Dentro se pasea por la calle Mayor donde los aleros, los escudos blasonados y los balcones de hierro forjado ennoblecen los caserones. Sobre restos de la muralla fue construida la iglesia de Santa María de la Asunción y del Manzano. Cerca se abre la plaza de Armas, en la que antes se reunían las tropas y hoy culminan los festejos; a ella da la fachada del castillo de Carlos V, hoy convertido en Parador.
En Hondarribia se dice que de antiguo la pintura sobrante de las barcas de pescadores se utilizaba para darle esa paleta de color que alegra las casas del barrio de la Marina, de estética y ambiente pesquero, y animado por tabernas que invitan a degustar recetas de pescado.
La llamada del Cantábrico nos conduce ladera arriba del monte Jaizkibel (543 m), con restos dispersos de antiguos bastiones y torreones defensivos. Apenas a 5 km del pueblo se halla la ermita de Guadalupe, muestra del vínculo de las gentes de esta tierra con el mar. La patrona de Hondarribia se guarda en esta iglesia de la que sale en romería cada 8 de septiembre.

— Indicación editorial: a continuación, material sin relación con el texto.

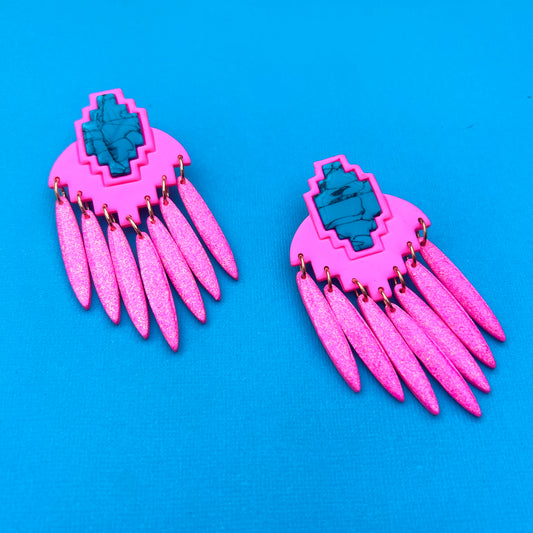 Neon/Turquoise - Boho Dangles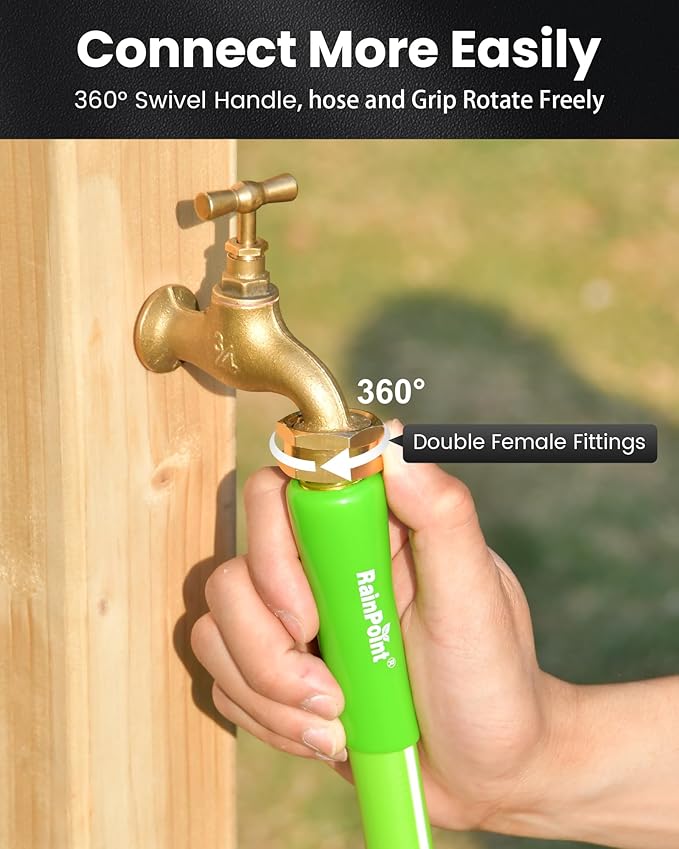 RAINPOINT Leader Garden Hose 3ft - Lightweight Water Hose - Flexible, Heavy Duty, Hybrid Rubber, with Female to Female Fittings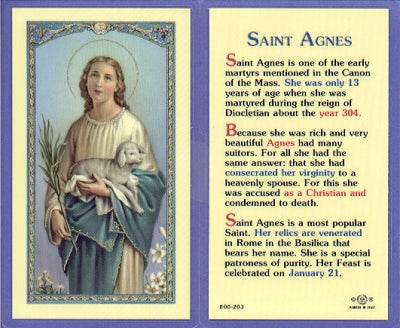 St. Agnes Laminated Holy Card, # 99841
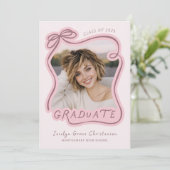 Whimsical Bow Frame Future Plans Pink Graduation 招待状 (スタンド正面)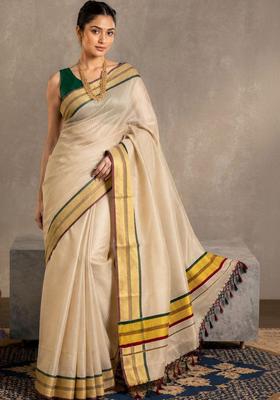 Cream Striped Tissue Saree Set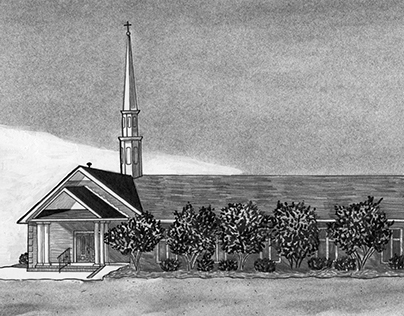 Memorial Chapel Church — Mixed Media Drawing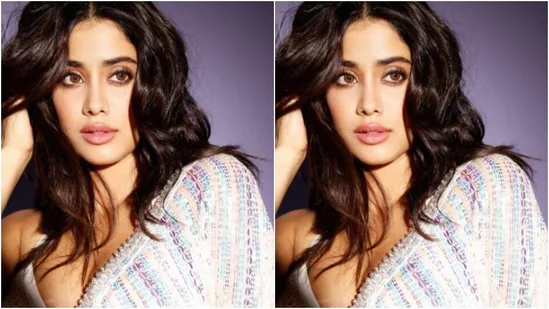 In statement danglers with blue stones, Janhvi added more glam to her overall look as she was ready to make fashion police stop and stare.(Instagram/@janhvikapoor)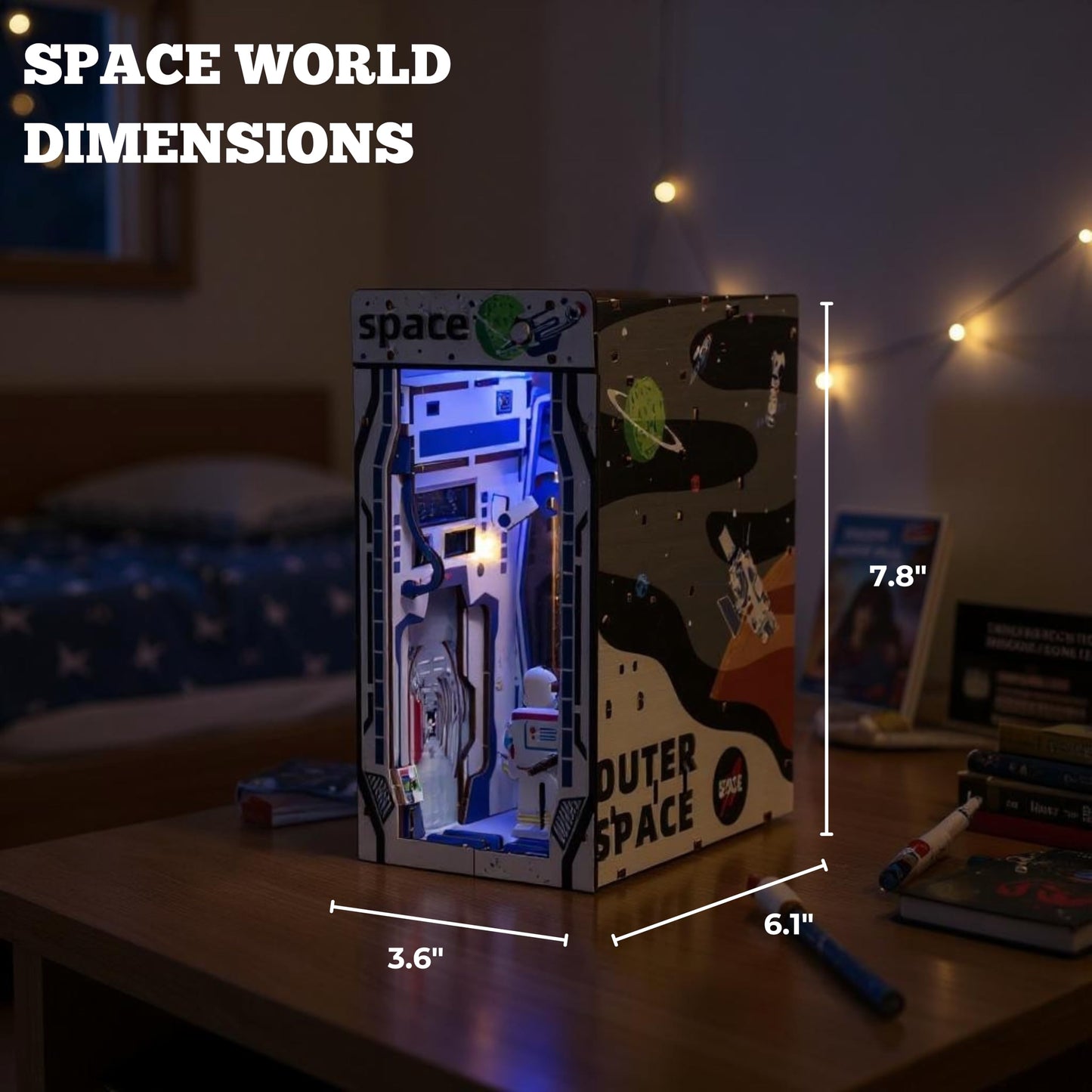 PYAARI Space World Book Nook Kit, Astronaut 90-Piece DIY Miniature LED Doll House, 3D Wooden Puzzle BookNook Kit for Adults, Tiny Home Model Building Kit for Book Lovers & Beginners, Bookshelf Decor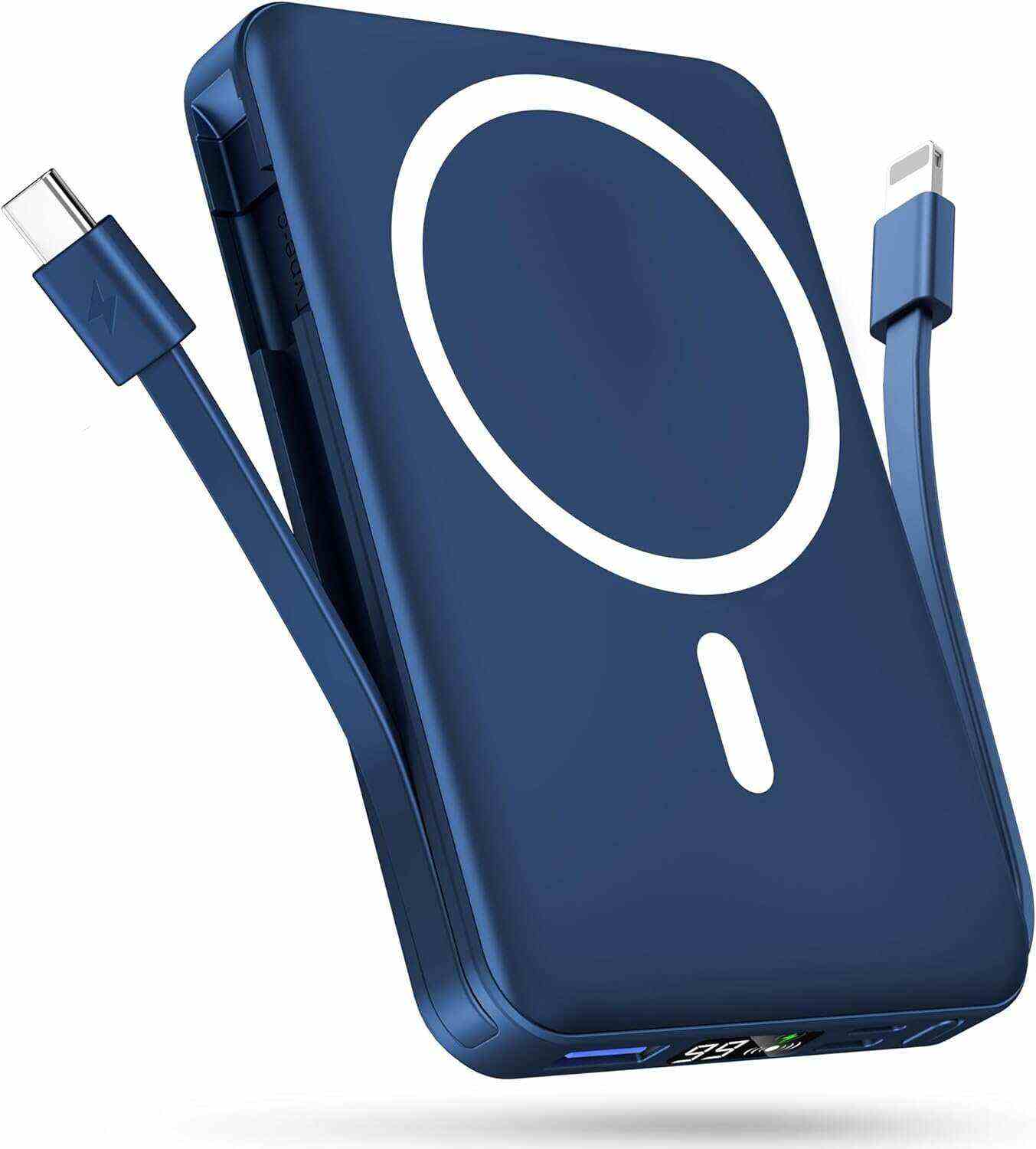 podoru Wireless Portable Charger, 10000mAh Magnetic Power Bank Built-in USB-C Lighting Cables 22.5W PD Fast Charging LED Display Mag-Safe Battery Pack for iPhone 15/14/13/12/Mini/Pro/Pro Max - White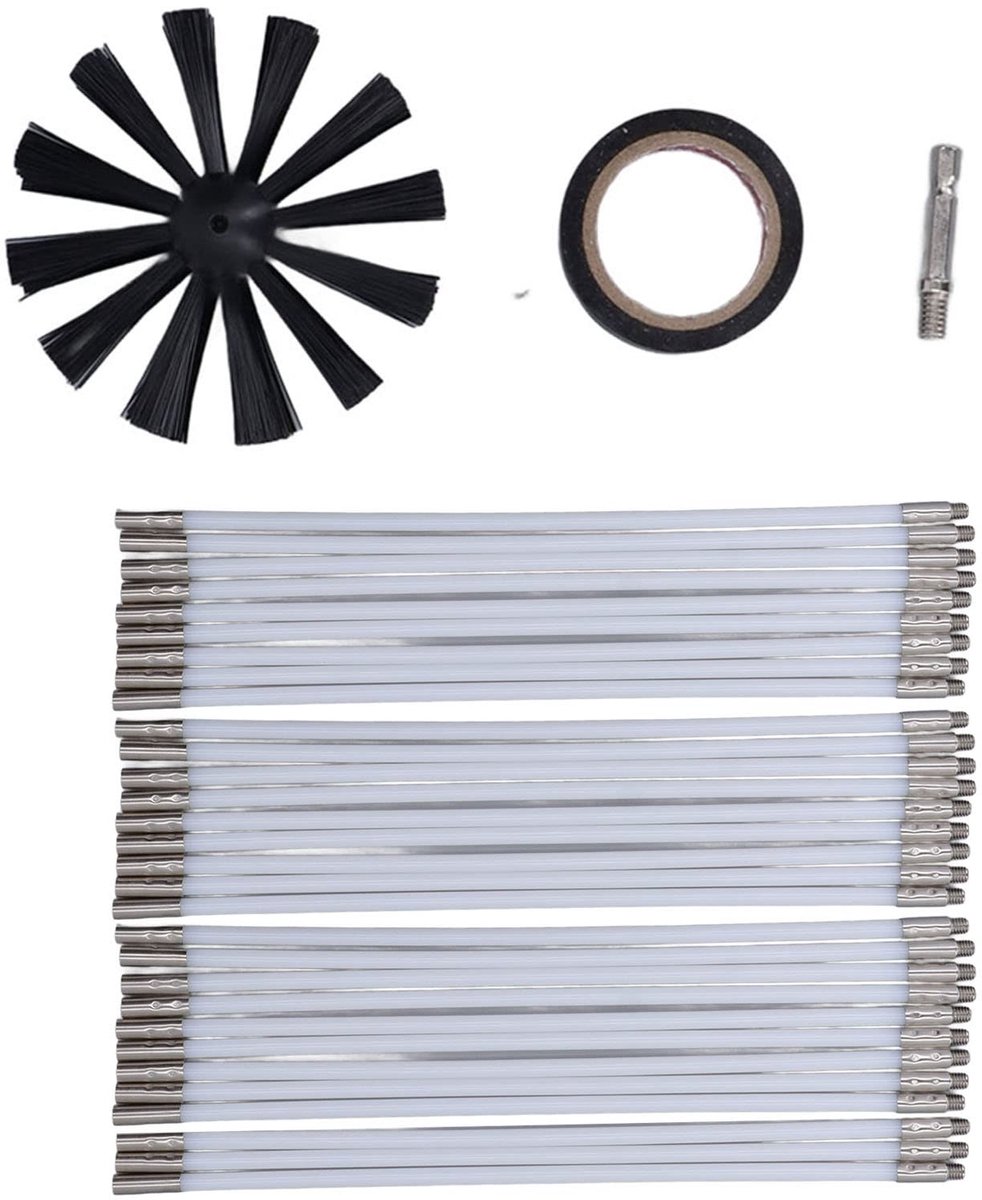 Dailygoody - Reinigingsset voor droogkanaal - 33 stuks - Flexibele borstel voor schoorsteen en droger - 40 cm - Pluisborstel - Geschikt voor haard en
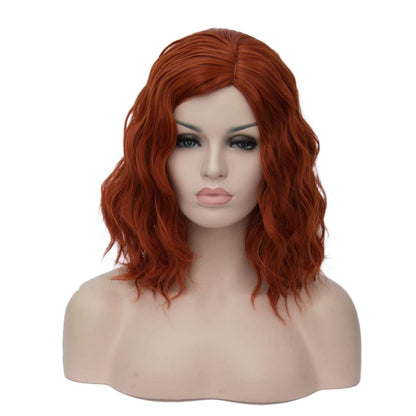 copper brown wig HAIR Synthetic Curly Bob Wig with Bangs Short Bob Wavy Hair Wigs Wine Red Color Wigs for Women Bob Style Synthetic Heat Resistant Bob Wigs.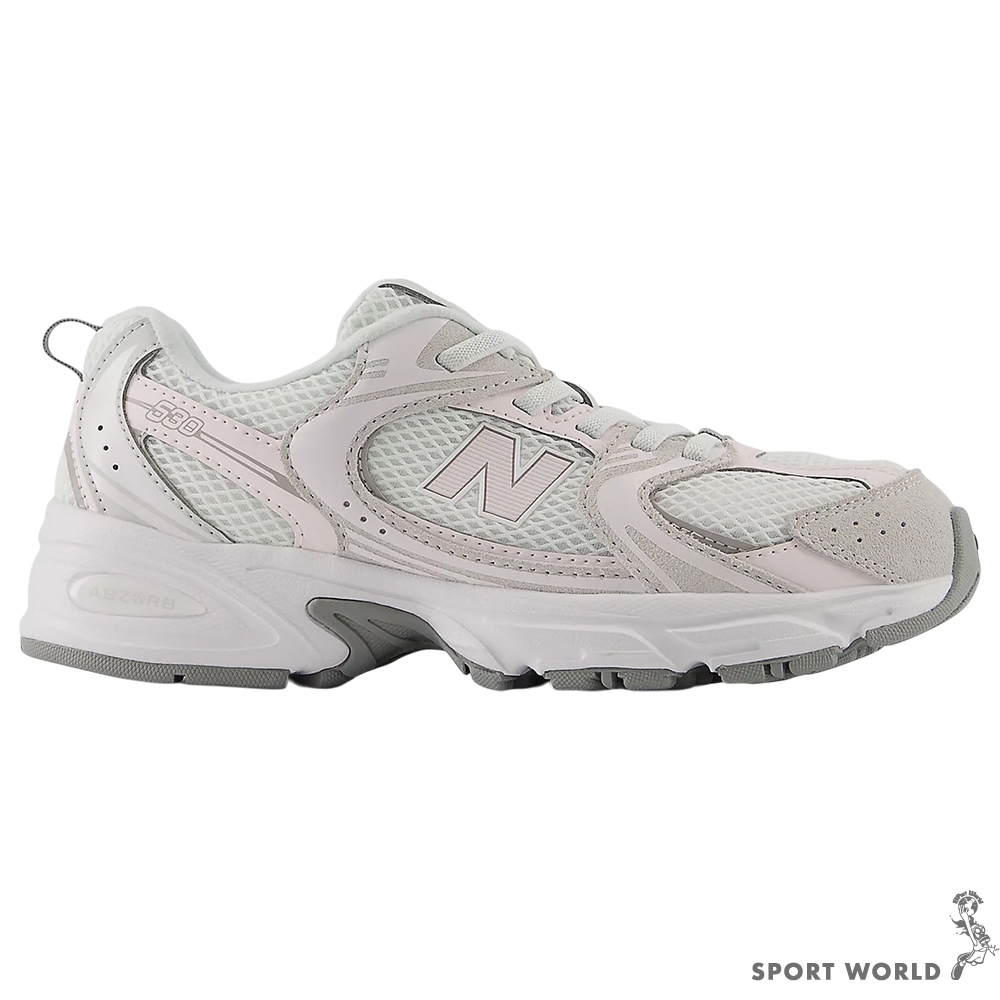 New Balance 530 休閒鞋 大童鞋 女鞋 彈性鞋帶 套入式 復古 粉灰【運動世界】G5309XV-M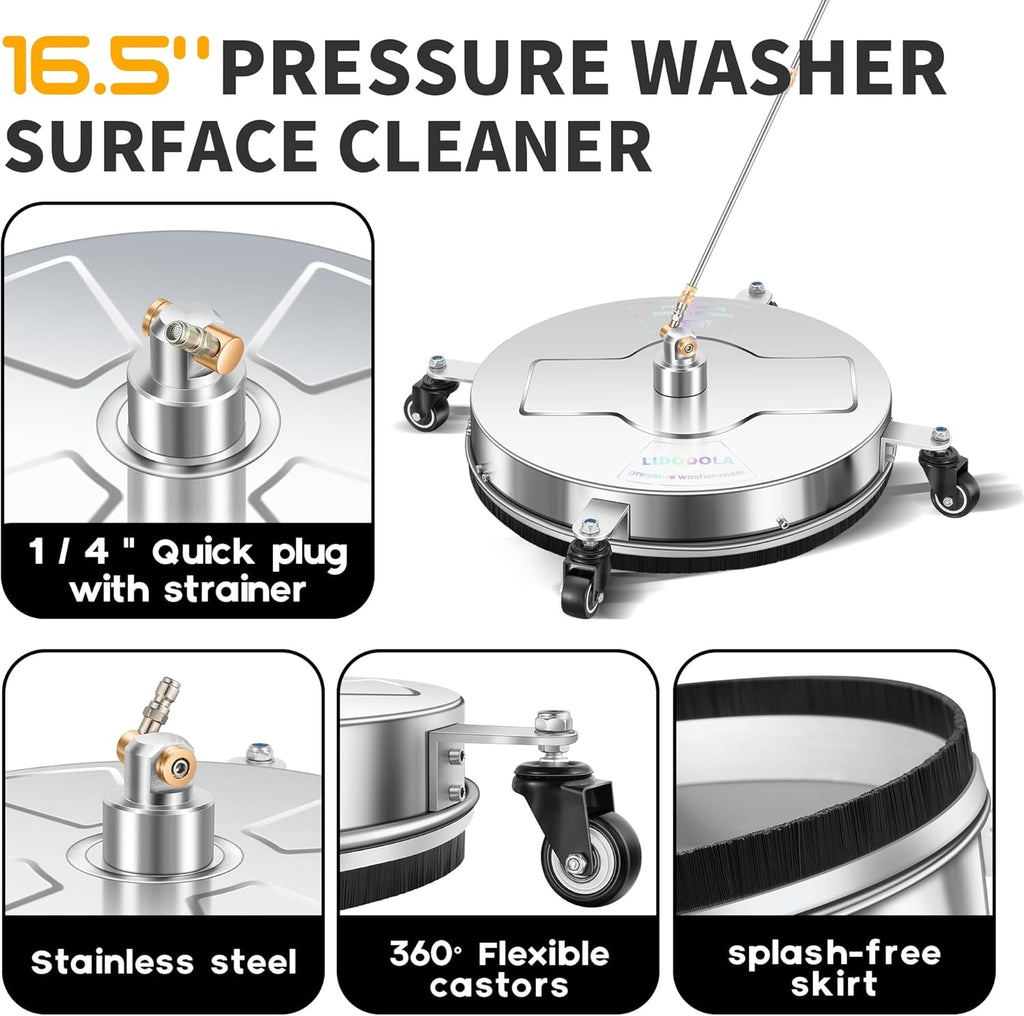 LidoDola 14 Inch Pressure Washer Surface Cleaner with Wheels for Concrete Patio Deck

El faro Higuer marca el primer saliente destacado de este litoral. Además, es un magnífico mirador al monte Jaizkibel, el más alto de la costa cántabra, cuyo agreste relieve se desvela a medida que se camina junto al mar o se sigue la sinuosa carretera que recorre su espinazo.
El trayecto brinda todo un espectáculo geológico gracias a la formación rocosa conocida como flysch. Gestado bajo el mar, como atestiguan los abundantes fósiles, en el flysch se alternan capas de rocas duras (areniscas, calizas, pizarras) con otras blandas (margas, arcillas). Al incidir más la erosión sobre unas que sobre otras, se crean formas insólitas, junto a una rica gama de colores (anaranjados, ocres, grises, rojizos...). Jaizkibel alberga otras formaciones insólitas, como las paramoudras, unas esferas de roca de hasta un metro de diámetro. Se trata de concreciones de sílice de origen orgánico y son las mejor conservadas en el mundo.
Halcones peregrinos, paiños europeos y cormoranes moñudos también se afanan entre los roquedos donde crían. Y es que a medida que se avanza por Jaizkibel, sus habitantes naturales van surgiendo al paso, sobre todo aves, pero también reptiles e invertebrados, pues el monte alberga un centenar de especies que se refugian entre las oquedades. Pero no todo queda en tierra y esa diversidad natural se prolonga bajo el agua donde se esconde otro tesoro de Jaizkibel: el paraíso subacuático rico en vida marina que habita en los fondos.
En coche, entre robles, piornos y brezos se desliza la carretera hacia el otro lado del monte. Allí está la portuaria Pasai Donibane (Pasajes de San Juan), con su estrecha ría creada en la desembocadura del río Oiartzun. Una única calle empedrada al borde de la ría articula su trazado, donde la plaza de Santiago es la zona más abierta y con más historia. Visitar la Casa Gabiria en la que Victor Hugo residió un tiempo, acercarse al faro de la Plata, pasear por el embarcadero de Ondartxo o, como hacen los vecinos, tomar el barco que lleva al barrio histórico de Pasai San Pedro, del otro lado de la bahía, son etapas indispensables en este territorio pasaitarra.
El viaje finaliza al fondo de la bahía, en la que se asienta el coqueto pueblo de Lezo. Como un tesoro guarda en su basílica la imagen de un Cristo bizantino. La talla es de gran devoción para las gentes del mar, pues los balleneros consideraban que era milagrosa y a ella se encomendaban antes de enfrentarse a los colosos marinos.